Longitude in the United States
Latitude and longitude uniquely describe the location of any point on Earth.  Latitude may be simply calculated from astronomical or solar observation, either at land or sea, interrupted only by cloudy skies.  Longitude, on the other hand, requires both astronomical or solar observation and some form of time reference to a longitude reference point.  John Harrison produced the first precise marine chronometer in 1761.

The completion of the first North American telegraph line between Washington, D.C. and Baltimore on May 24, 1844, introduced a technology that could transmit time signals at  a large fraction of the speed of light.   On September 28, 1850, the United States adopted two primary meridians of longitude for officially use:  the Greenwich Meridian (through the old Royal Observatory at Greenwich, England) for all nautical and international use, and the Washington Meridian (through the old United States Naval Observatory in Washington, D.C.) for more accurate astronomical and domestic use.  The completion of the first telegraph line across North America, on October 24, 1861, allowed time signals from the Naval Observatory in Washington, D.C. to be transmitted across the continent.

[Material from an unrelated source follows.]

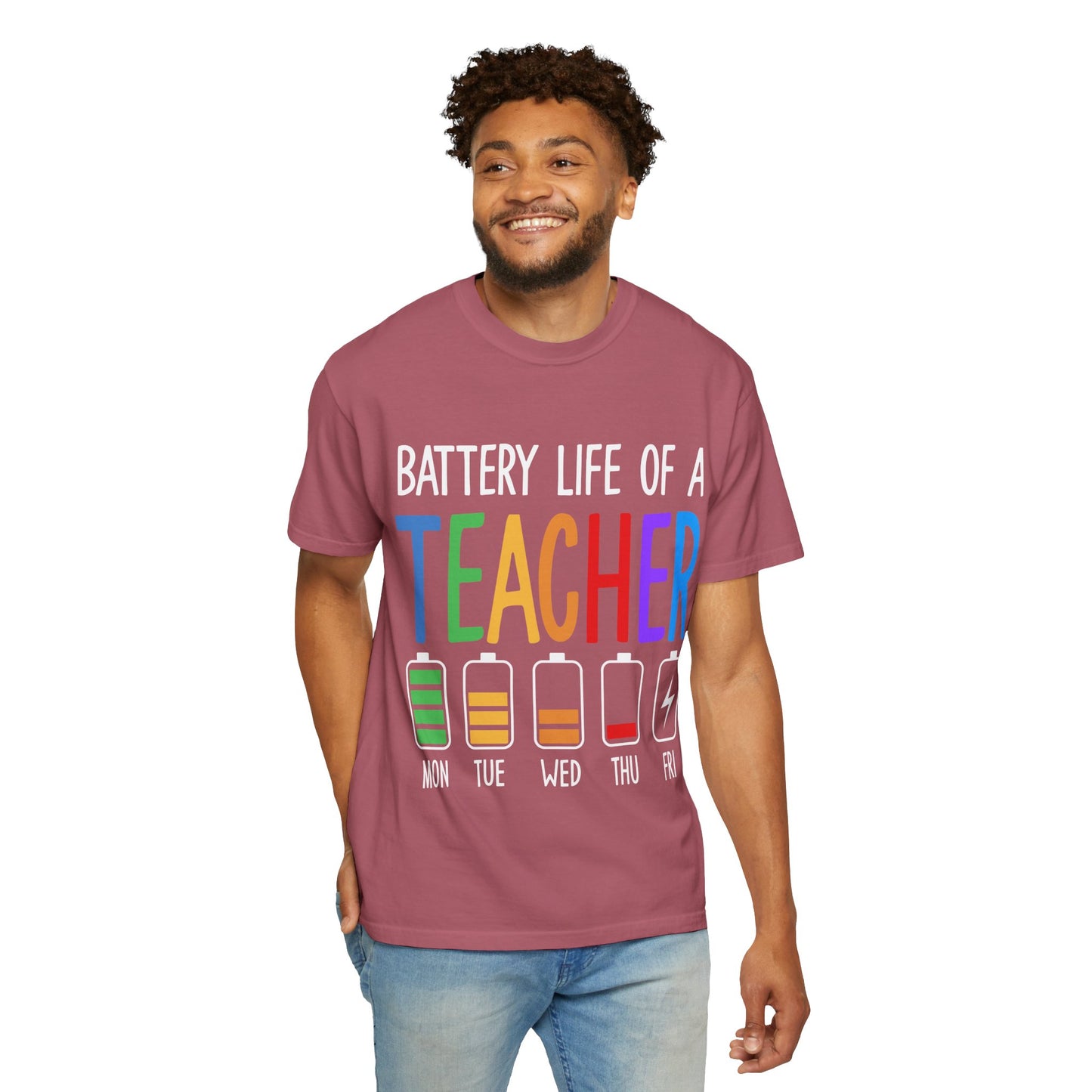 Battery Life of a Teacher T-Shirt - Battery Life of a Teacher - Gift for Educators, Teacher Appreciation, Back to School, Fun Classroom Shirt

The United States used the Washington Meridian as the longitude reference for most states and territories created between 1861 and 1868.  The completion of the first permanent transatlantic telegraph cable on July 28, 1866, allowed the United States Naval Observatory at Washington, D.C. to be synchronized with the Royal Observatory at Greenwich.  The need for a separate national meridian for the United States gradually faded, and in 1884, U.S. President Chester A. Arthur called the International Meridian Conference in Washington, D.C. which selected the meridian of the Royal Observatory at Greenwich as the international Prime Meridian.  On August 12, 1912, the United States adopted the Prime Meridian of Greenwich for all uses domestic and international.

References

Borders of Colorado
Borders of Kansas
Borders of Nebraska
Pre-statehood history of Colorado
History of Kansas
Pre-statehood history of Nebraska
Meridians (geography)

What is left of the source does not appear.